Dalam memberikan layanan murabahah untuk tipe 2 dan 3 tersebut perlu ditinjau dan dievaluasi ulang karena walaupun murabahah dilakukan berdasarkan kesepakatan kedua belah pihak dan dianggap sah menurut hukum, tetapi transaksi tersebut secara hukum Islam masih dikatakan tidak sah karena tidak terpenuhinya salah satu rukun jual beli yaitu kepemilikan atas obyek murabahah. Sebagai alternatif, bank dapat melakukan sistem perwakilan pengadaan barang kepada nasabah sesuai dengan acuan yang ditetapkan oleh DSN-MUI atau mengadakan kerja sama dengan supplier barang dimaksud sehingga murabahah memenuhi standar, baik secara hukum maupun sosial.
Permasalahan lain yang sering terjadi biasanya tentang penundaan pembayaran murabahah. Seperti yang dijelaskan pada fatwa DSN-MUI mengenai hal “Jika nasabah telah dinyatakan pailit dan gagal menyelesaikan utangnya, bank harus menunda tagihan utang sampai ia menjadi sanggup kembali, atau berdasarkan kesepakatan”. Berdasarkan hasil wawancara dengan informan (praktisis) Bank Syariah Mandiri, pernyataan/fatwa ini tidak sejalan dengan kenyataanya. Kenyataan yang ada di lapangan bahwa penundaan ini tetap menjadi kewajiban yang harus dibayar oleh nasabah dan juga dikenakan denda atas penundaanya tersebut.
Permasalahan lain tentang potongan tagihan dalam murabahah. Seperti yang dijelaskan pada fatwa DSN- MUI mengenai hal potongan tagihan dalam murabahah terutama pada nasabah yang mengalami penurunan kemampuan pembayaran. Berdasarkan hasil wawancara dengan informan (praktisis) Bank Syariah Mandiri, potongan pembayaran tagihan tersebut hampir tidak pernah ada kenyataannya.
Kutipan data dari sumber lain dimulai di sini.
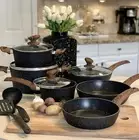 Induction Cookware Sets - 12 Piece Cooking Pan Set, Granite Black Nonstick Po...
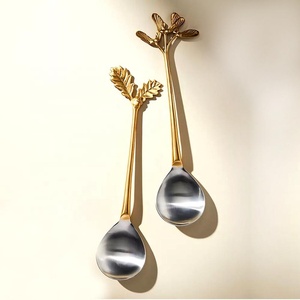 Couverts à poignée de feuille ensemble de service de salade en acier inoxydable or ensemble de service de barre de salade ensemble de service de nourriture poignée rustique en bois - Product Image 1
Evaluasi Terkait Konsep Pembiayaan Murabahah murabahah sebagai salah satu bentuk jual beli amanah, terkait dengan segala aturan syariah yang berlaku pada jual dan aturan khusus yang berlaku pada murabahah sebagai jual beli amanah. Dalam praktik murabahah bank syariah, baik mengacu kepada ketetapan DSN- MUI maupun praktiknya di sektor perbankan, rukun jual beli berupa keberadaan dua pihak yang bertransaksi, obyek jual beli, harga, dan akad telah terpenuhi dan sesuai dengan tuntunan syariah. Akan tetapi, terdapat beberapa hal terkait murabahah yang perlu dievaluasi kembali dalam pelaksanaannya seperti obyek murabahah.